In addition, on April 7, 2005, we issued $200.0 million of senior unsecured debt to approximately twenty purchasers via a private
placement transaction pursuant to a Master Note Purchase Agreement. The placement was split into four tranches, with $100 million maturing
March 31, 2013 and $100.0 million maturing March 31, 2015. Of the debt maturing in 2013, $30.0 million was issued as fixed rate debt with a
rate of 4.97 percent. The remaining $70.0 million was issued as variable rate debt and is priced at 0.52 percent over LIBOR. As for the $100
million maturing in 2015, $70.0 million was issued at a fixed rate of 5.20 percent, with the remaining $30.0 million issued as variable rate debt,
priced at 0.55 percent over LIBOR. All four tranches are non-amortizing and no principle payments are due until maturity. Interest payments
are due semi-annually.
The Master Note Purchase Agreement includes financial covenants and other customary terms and conditions for debt of this type. The
most restrictive of these is a fixed charge coverage ratio test, as described above. Under the terms of the Note Purchase Agreement, the
company may not allow its ratio of EBITDAR to fixed charges to drop below 1.50 on a rolling four quarter basis . The maturity date for the
debt may be accelerated upon the occurrence of various Events of Default, including breaches of the agreement, certain cross-
default situations,
certain bankruptcy related situations, and other customary events of default for debt of this type.

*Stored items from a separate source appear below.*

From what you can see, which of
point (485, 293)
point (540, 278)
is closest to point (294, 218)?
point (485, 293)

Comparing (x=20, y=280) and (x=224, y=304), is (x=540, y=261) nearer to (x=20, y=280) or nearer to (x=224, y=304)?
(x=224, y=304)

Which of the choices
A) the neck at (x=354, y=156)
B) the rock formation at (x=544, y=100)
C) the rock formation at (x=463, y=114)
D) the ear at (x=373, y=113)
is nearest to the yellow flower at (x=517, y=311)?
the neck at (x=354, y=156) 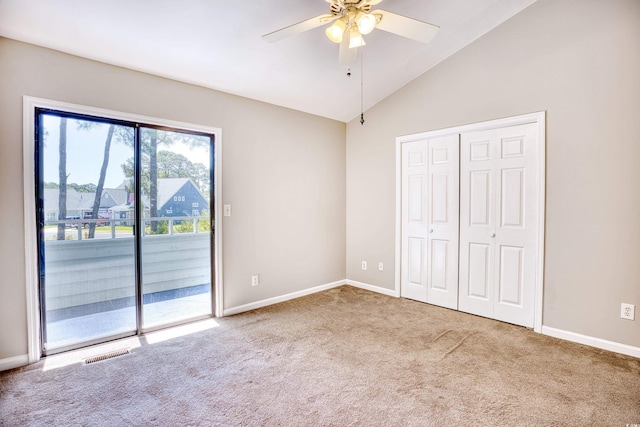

In anticipation of our new Master Note Purchase Agreement discussed above, we entered into a First Amendment to Note Purchase
Agreement with respect to an existing Note Purchase Agreement dated as of March 1, 2002. We closed on the amendment on April 7, 2005.
The amendment modified certain financial covenants so that they would be more consistent with the financial covenants in the new Master
Note Purchase Agreement.
Fiscal Year 2004
In the second quarter of fiscal year 2004, we entered into an $11.9 million term loan related to our Salt Lake City Distribution Center. The
loan has a rate of 7.16 percent and matures in November of fiscal year 2011.
Acquisitions
Acquisitions are discussed throughout Management’s Discussion and Analysis in this Item 7, as well as in Note 3 to the Consolidated
Financial Statements in Part II, Item 8 of this Form 10-K. The most significant of these acquisitions relates to the purchase of the hair
restoration centers; refer to Note 3 of the Consolidated Financial Statements for related pro forma information. The remainder of the
acquisitions, individually and in the aggregate, was not material to our operations. The acquisitions were funded primarily from operating cash
flow, debt and the issuance of common stock.